Bug ID: JDK-8182070 Container Awareness

JDK-8182070 : Container Awareness

Type: JEP
Component: hotspot
Sub-Component: runtime

Priority: P3
Status: Closed
Resolution: Withdrawn

Submitted: 2017-06-13
Updated: 2024-06-04
Resolved: 2018-05-17

Related Reports

Blocks :	JDK-8184303 - JEP-JDK-8182070: SQE Test Plan for Container Awareness
Blocks :	JMC-5930 - JMC should report CPU usage based on the CPU quota rather then on number of CPUs the host machine has
Blocks :	JMC-5901 - Utilize information from the host/container
Blocks :	JDK-8199944 - Add Container MBean to JMX
Relates :	JMC-5522 - Rule for memory settings when running in a container
Relates :	JDK-8203357 - Container Metrics
Relates :	JDK-8146115 - Improve docker container detection and resource configuration usage

Description

Summary
-------

Container aware Java runtime

Goals
-----

Provide an internal API that can be used to extract container specific configuration and runtime statistics.  This JEP will only support Docker on Linux-x64 although the design should be flexible enough to allow support for other platforms and container technologies.  The initial focus will be on Linux cgroups technology so that we will be able to easily support other container technologies running on Linux in addition to Docker.

Non-Goals
---------

Although it is expected that this API will function properly on all cgroup enabled Linux platforms, it is not a goal of this JEP to perform validation of any configuration other than Docker containers running on Linux x64 and direct Linux host process execution.  Since cgroups are enabled for processes running directly on Linux hosts, this configuration will also be verified.

Motivation
----------

Container technology is becoming more and more prevalent in Cloud based applications.  The Cloud Serverless application programming model motivates developers to split large monolithic applications into 100s of smaller pieces each running in thier own container.  This move increases the importance of the observability of each running container process.  Adding the proposed set of APIs will allow more details related to each container process to be made available to external tools thereby improving the observability.

Description
-----------

This enhancement will be made up of the following work items:

Detecting if Java is running in a container.

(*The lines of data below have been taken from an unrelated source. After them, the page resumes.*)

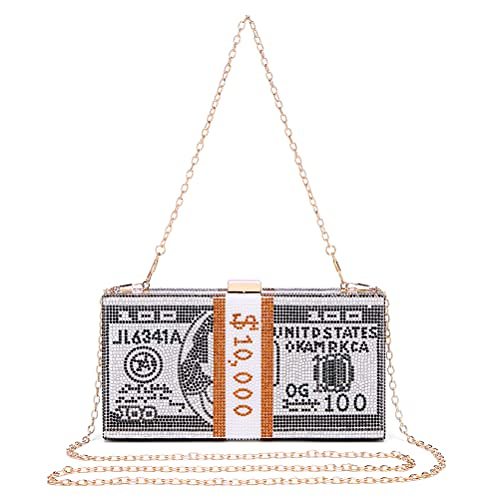 Personalized Dollar Clutch Purse for Women from, Rhinestone Evening Handbag Money Bag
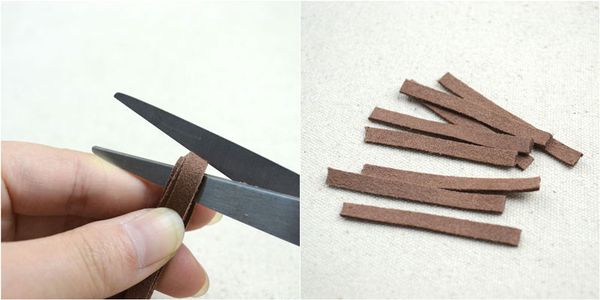 Take a Strip of Suede Cord, Double It 3 or Four Times for Each Segment Reaches to About 6cm Long. Next, Cut the Folded Locations.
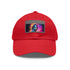 Neon Dreams Keanu Reeves watercolor cap with light brown patch.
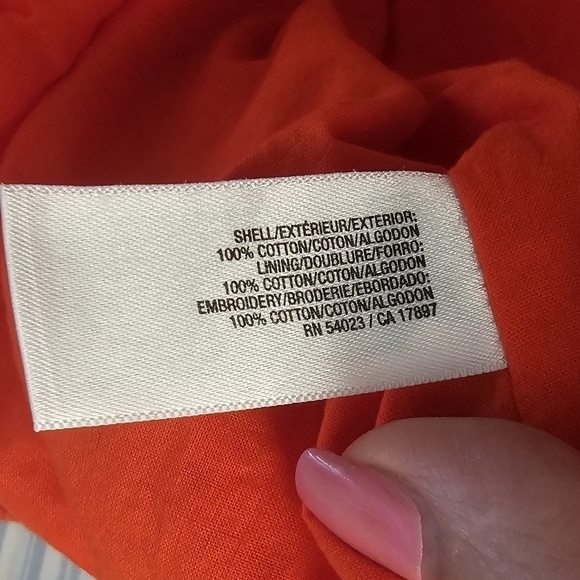 Old Navy Coral/Orange Cotton Eyelet Strapless Dress - Picture 7 of 7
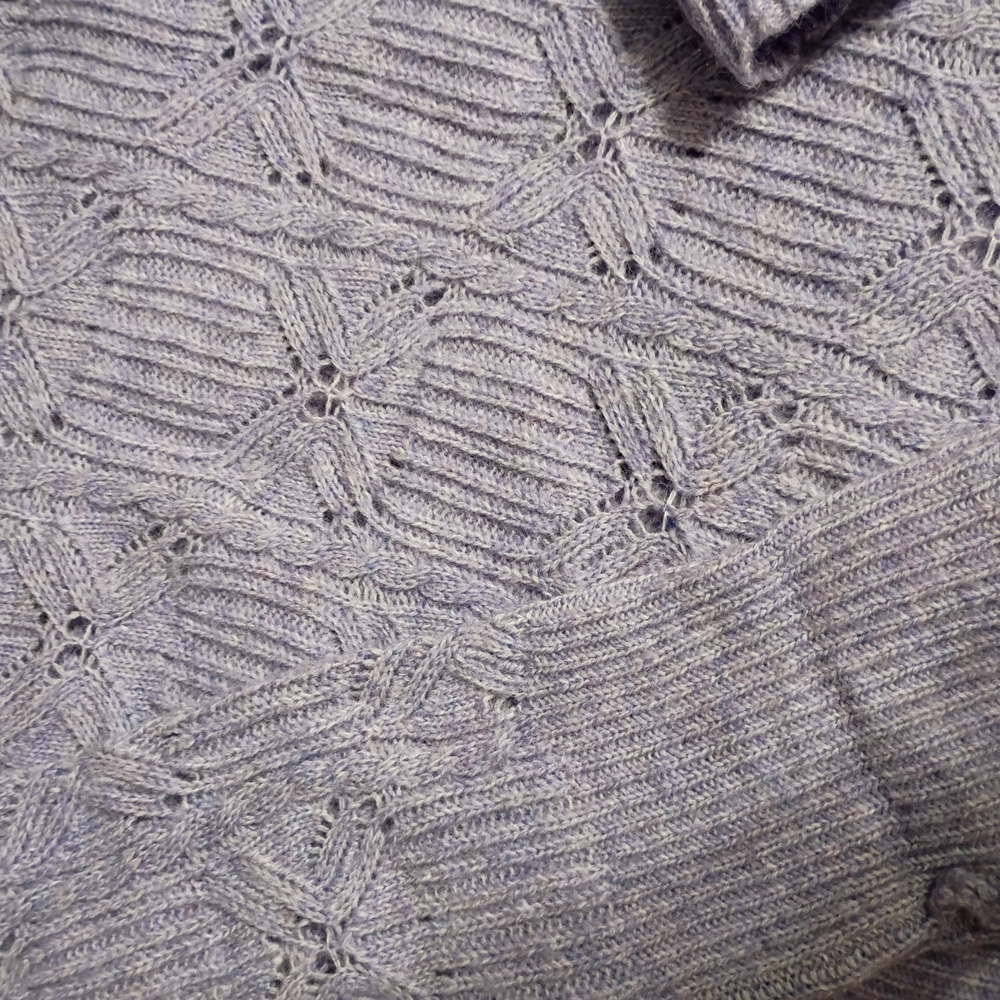 Democracy Lavender V-Neck Cable Knit Sweater - Picture 2 of 4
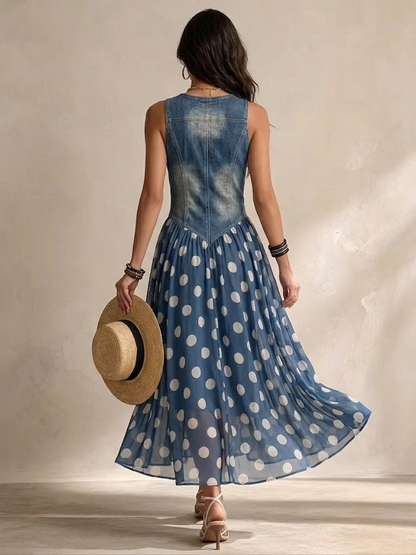 Adelia – abito lungo blu con corpetto effetto jeans e gonna a pois, retro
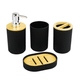 Set de Baño 4 piezas, en plástico ABS y bambú - Negro, al mejor precio, solo en LOi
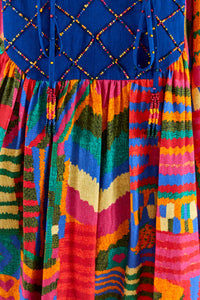 Robe midi Summer Patches façon t-shirt en lin - Multicolore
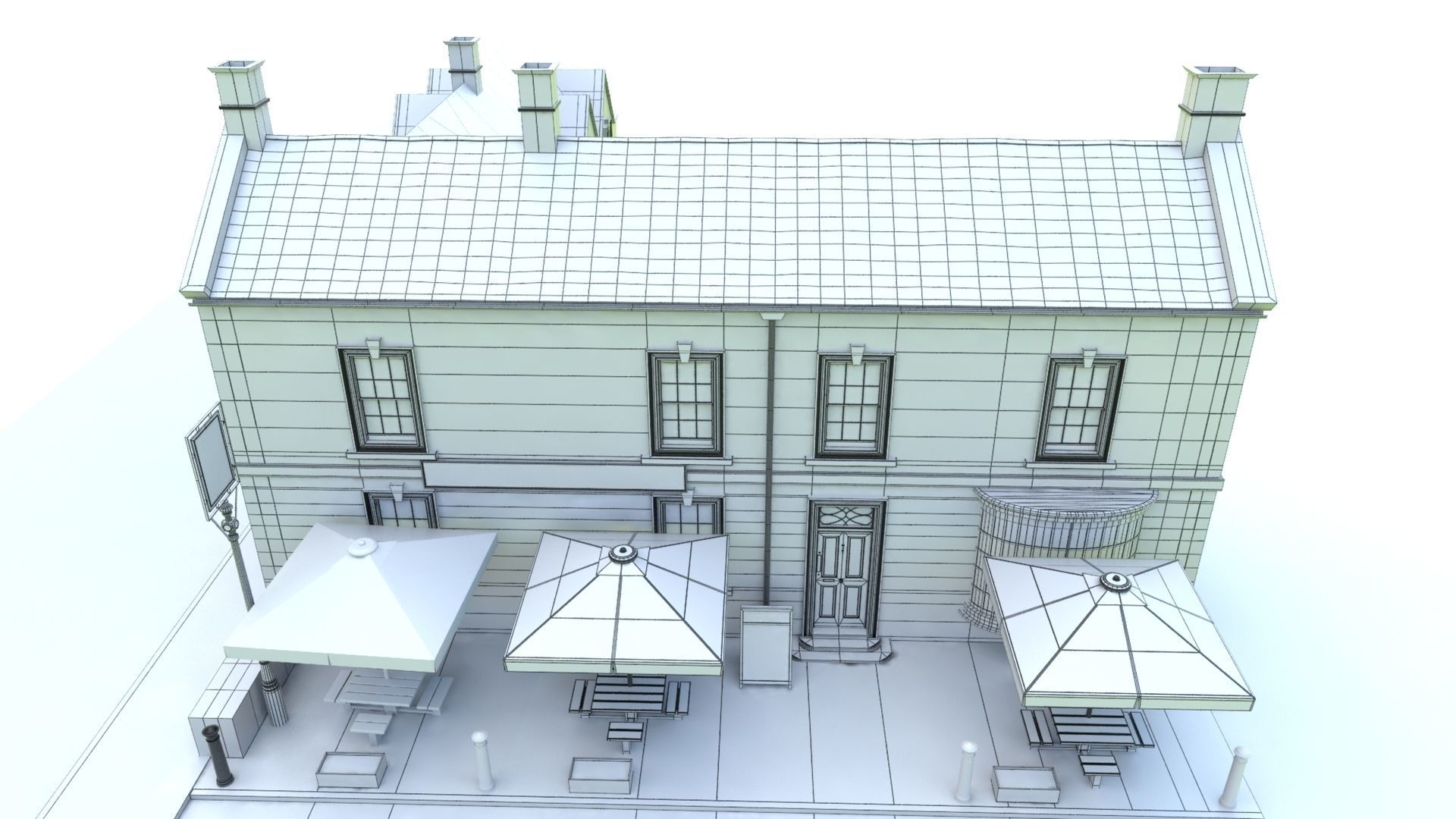 An English Country Pub Inn Hotel 3D model_11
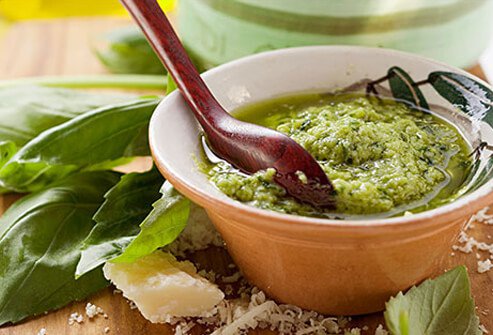Photo of pesto sauce in a bowl.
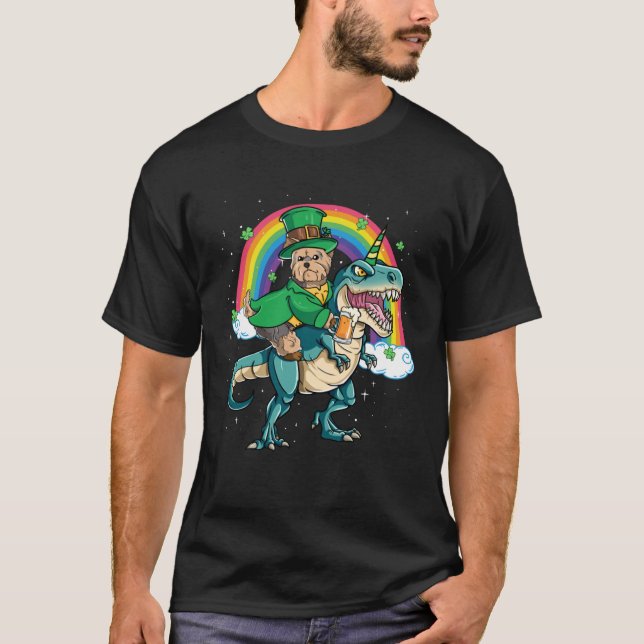 Camiseta Yorkie Beer Dino Rex Horn Rainbow Dog (Frente)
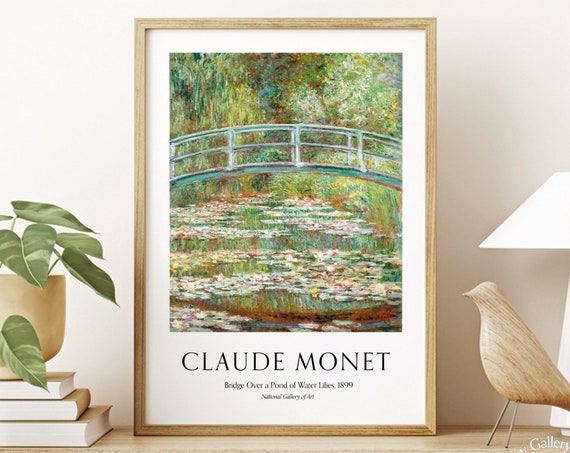 Monet Poster Bridge Over A Pond Of Water Lilies Eclectic Wall Art Exhibition Poster Wall Gallery Fine Art Print Gift Idea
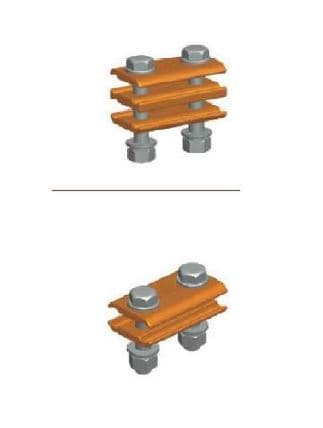 Se clasifican dos juegos o surtidos distintos para conductores de líneas eléctricas y telecomunicación, compuestos por placas de latón utilizadas a modo de grapa, preformadas y estructuradas para dar cabida en su cara cóncava a los cables que grapan, quedando éstos sujetos por tornillería de acero inoxidable.
Grapa de tierra para 4xCu 50/150 mm2

Lista de materiales: 
Tornillo M12X85 (cantidad: 2)
Grapa de tierra 2xCu 50/150 mm2 (8/15 mm) (cantidad: 2)
Cuerpo central de grapa de tierra 4xCu 50/150 mm2 (8/15) (cantidad: 1)
Arandela plana M12 (cantidad: 4)
Arandela grower M12 (cantidad: 2)
Tuerca M12 (cantidad: 2)
Gama: 50/150 m2 
Espesor máximo montaje (h): 20 mm 
Medidas grapas de tierra: 46 mm de ancho x 80 mm de largo 
Materiales:
	Tornillería: Acero inoxidable A2-70 
	Otros: Latón CuZn40Pb2			
Peso: 0.716 kg
Grapa de tierra para 2xCu 50/150 mm2

Este segundo juego, aparte de carecer del elemento Cuerpo central de grapa de tierra 4xCu 50/150 mm2 (8/15) (cantidad: 1) descrito en el primer juego, presenta como única diferencia con éste la de tener un peso de 0.515 kg
Los productos descritos se utilizan para los conductores de líneas eléctricas y telecomunicación.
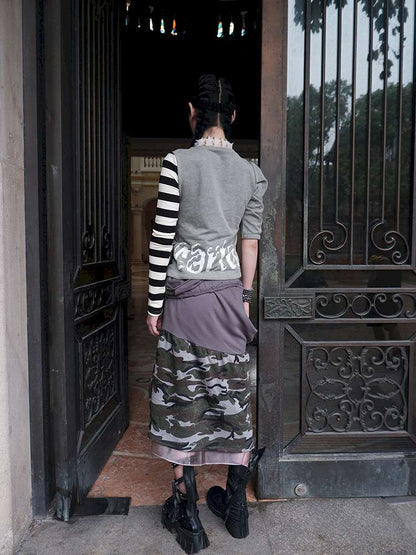 Broken Soldier Camo Spliced Skirt【s0000015141】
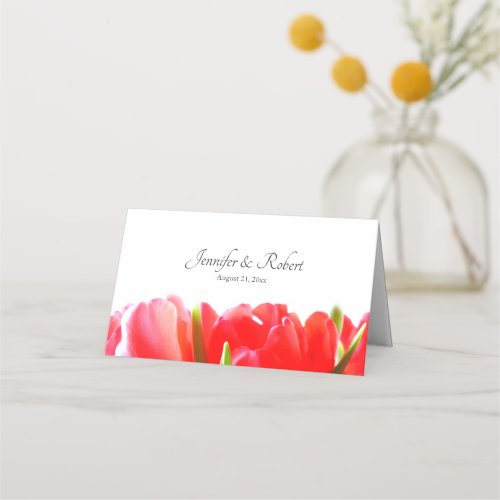 Red Tulips Wedding Folded Place Card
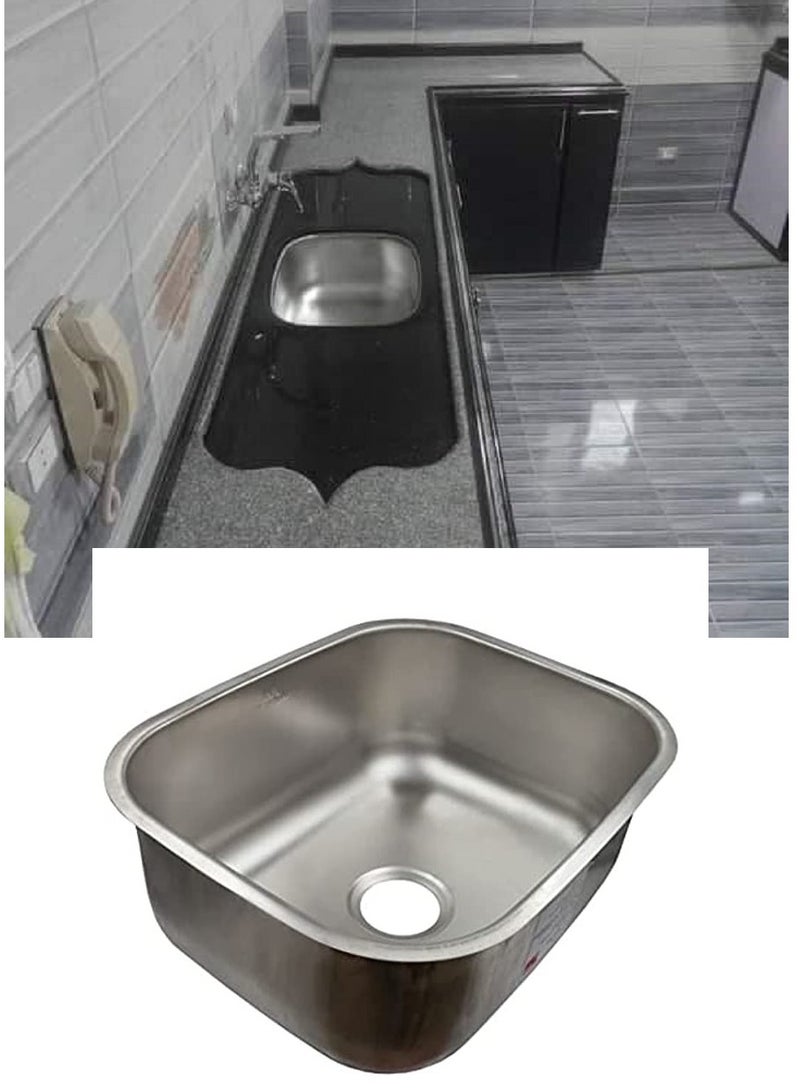 Stainless Steel Kitchen Sink Pot Size 39*49 Inside, 43*53 Outside Cm .06Mm+Drain 3" - Image 2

The Java runtime, as well as any tests that we might write for this feature, will need to be able to detect that the current Java process is running in a container.  A new API will be made available for this purpose.

Exposing container resource limits, configuration and runtime statistics.

There are several configuration options and limits that can be imposed upon a running container.  Not all of these
are important to a running Java process.  We clearly want to be able to detect how many CPUs have been allocated to our process along with the maximum amount of memory that the process has been allocated but there are other options that we might want to base runtime decisions on.

In addition, since containers typically impose limits on system resources, they also provide the ability to easily access the amount of consumption of these resources.  The goal is to provide this information in addition to the configuration data.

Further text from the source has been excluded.